Позднее — уже во время стремительного разложения колчаковского режима — были зафиксированы еще два хищения. 31 октября 1919 года, когда золото готовили к эвакуации из Омска в связи с наступлением Красной армии, при перевозке из кладовой на вокзал пропал мешок с золотой монетой на сумму 60 тыс. руб. Мешки перевозили на телегах, и одна из них оказалась дырявой в прямом смысле этого слова. Через дыру в днище телеги мешок якобы падал трижды, после чего его перегрузили на последнюю телегу. И больше уже не видели. Воспользовались ли похитители удобным случаем или это был заранее разработанный кем-то план, неизвестно.

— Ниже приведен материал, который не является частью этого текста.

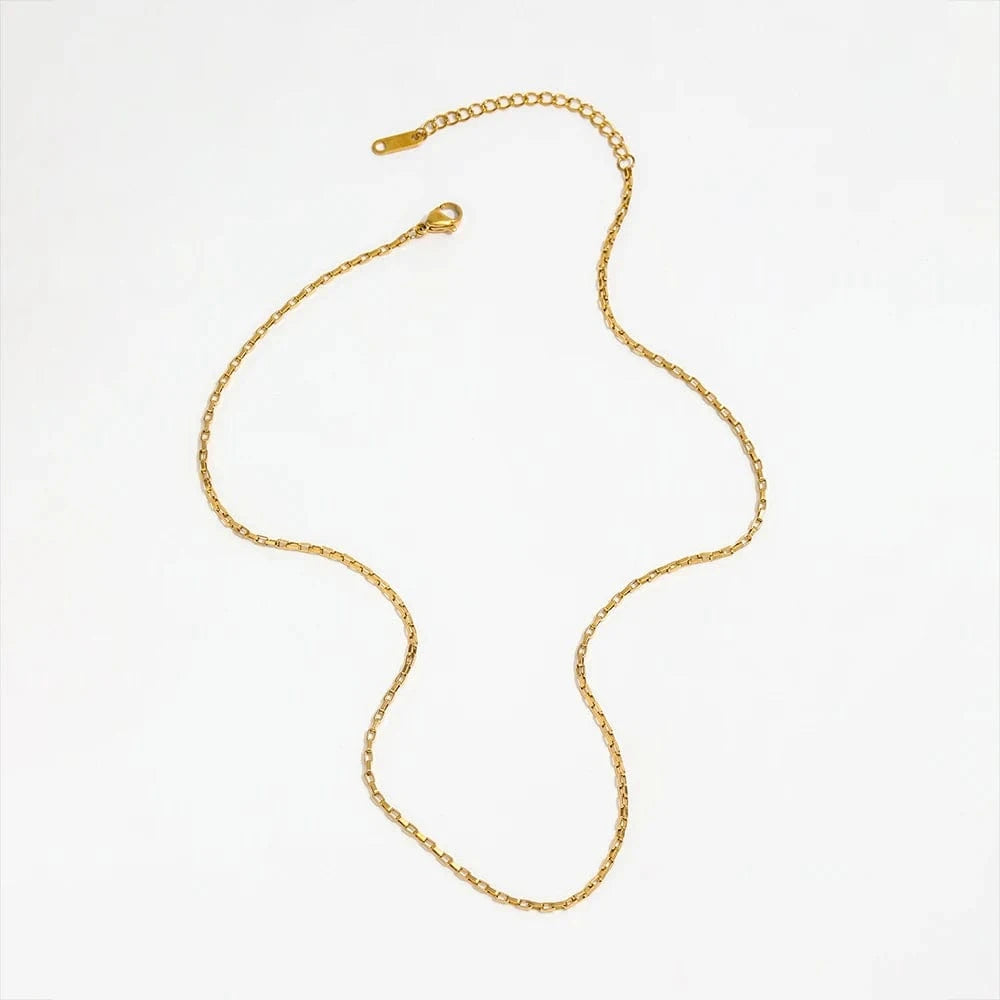 Gold Joolim Jewelry Stainless Steel  Box Chain Necklace Trendy Gold Jewelry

Наиболее крупное хищение произошло в ночь на 12 января 1920 года между станциями Зима и Тыреть, когда поезд Верховного правителя и следовавший с ним «золотой эшелон» безуспешно пытались пробиться на восток. Пломбы на одном из вагонов были срезаны, и исчезли 13 ящиков золота общей стоимостью 780 тыс. руб. Ответственность за охрану «золотого эшелона» несли чехословацкие части, и это породило слухи об их причастности к хищению. Правда, с вечера 11 января, когда дежурный чиновник Госбанка С. В. Колпаков осмотрел пломбы и удостоверился в их целости, и до утра 12 января, когда часовой Жуков и исполнявший обязанности директора Госбанка Н. С. Казарновский обнаружили неладное, на часах у злополучного вагона стояли солдаты из русской охраны. Причем стояли они именно с той стороны вагона, где оказались срезаны пломбы. Осмотр показал, что стены вагона, пол и потолок были в полной сохранности, и это дает основание полагать, что хищение произошло с участием часовых.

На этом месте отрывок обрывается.